Pour rappel, dès janvier 2025, les propriétaires de logements classés G auront l’interdiction de signer de nouveaux baux de location.
L’assouplissement de la ZAN en suspens
Michel Barnier avait récemment soutenu une proposition de loi visant à assouplir la ZAN (Zéro Artificialisation Nette). Déposée par les deux membres de la majorité sénatoriale, Guislain Cambien et Jean-Baptiste Blanc, elle permettait de faire des ajustements avec pragmatisme sur l’application du ZAN, en tenant davantage compte de la réalité des besoins et du dialogue de chaque territoire
selon le Premier ministre.
Alors que le Premier ministre comptait exempter de ZAN tous les projets industriels, la chute du gouvernement remet en question les pistes du gouvernement. En absence de réforme, de nombreux projets immobiliers pourraient rester bloqués, aggravant la pénurie de logements.
De nombreux chantiers suspendus
En raison de la censure gouvernementale, certains projets sont désormais en attente. La proposition transpartisane sur la décence énergétique bloque ainsi l’accès à de nombreux logements, n’ayant pas encore été débattue au Sénat.

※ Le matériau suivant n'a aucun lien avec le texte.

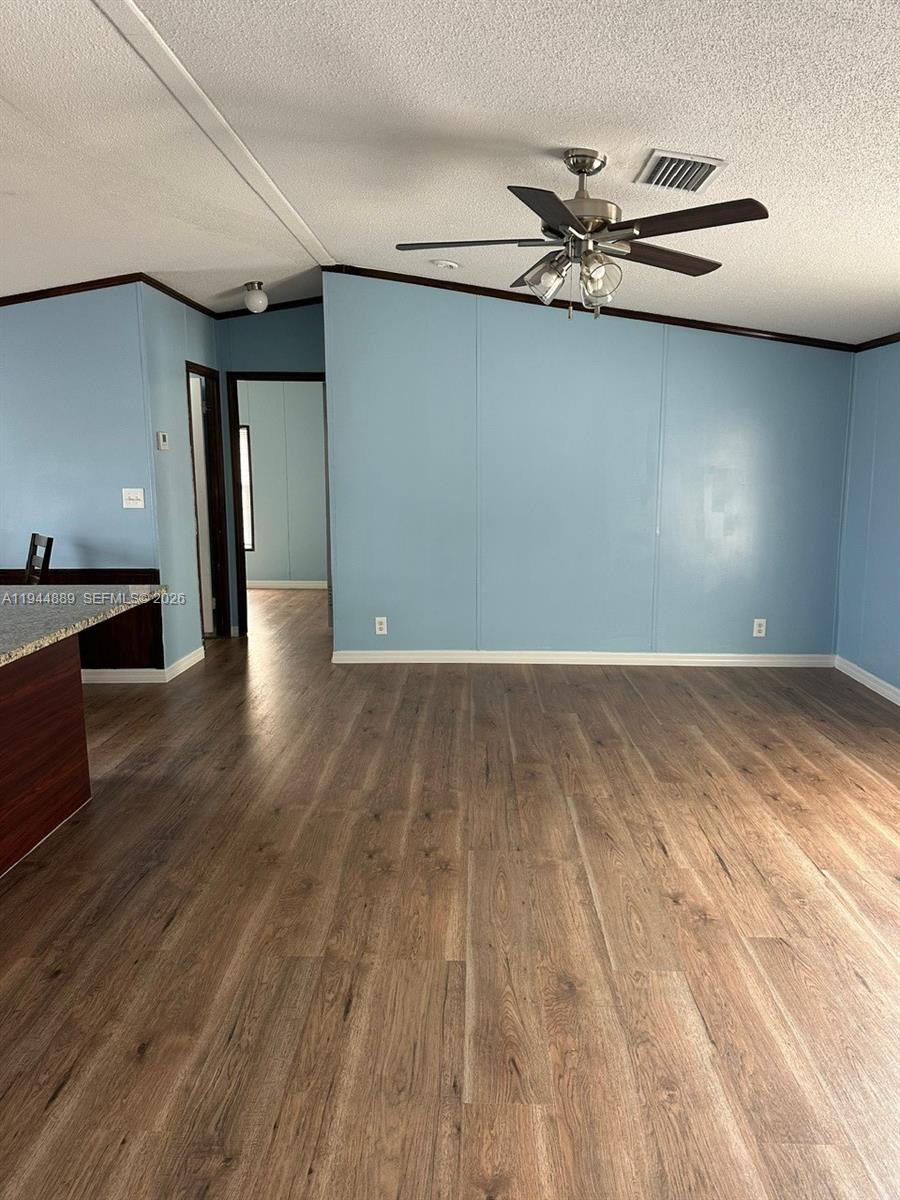 1122 Johnson Road Clewiston, FL 33440 - Photo 7 of 26 a view of a room with wooden floor and staircase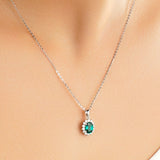 1.64 CT. Floral Halo Oval Emerald Pendant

Une autre loi visant à lutter contre les fraudes aux aides publiques, incluant des mesures de démarchage téléphonique pour les travaux d’adaptation des logements et la fraude aux Certificats d’Économie d’Énergie (CEE) s’est arrêtée au niveau de la commission. Enfin, le projet de loi pour simplifier la vie économique restera lui aussi bloqué. Ce texte proposait des assouplissements en matière d’urbanisme et une exemption temporaire de la ZAN pour les projets industriels.
Valérie Létard a partagé ses inquiétudes lors du colloque de l’Epfif quant à l’avenir des projets étudiés à l’Assemblée. Elle avait délibérément écarté l’idée de présenter une loi globale pour le logement, pour éviter des blocages et des rejets en choisissant une approche plus ciblée.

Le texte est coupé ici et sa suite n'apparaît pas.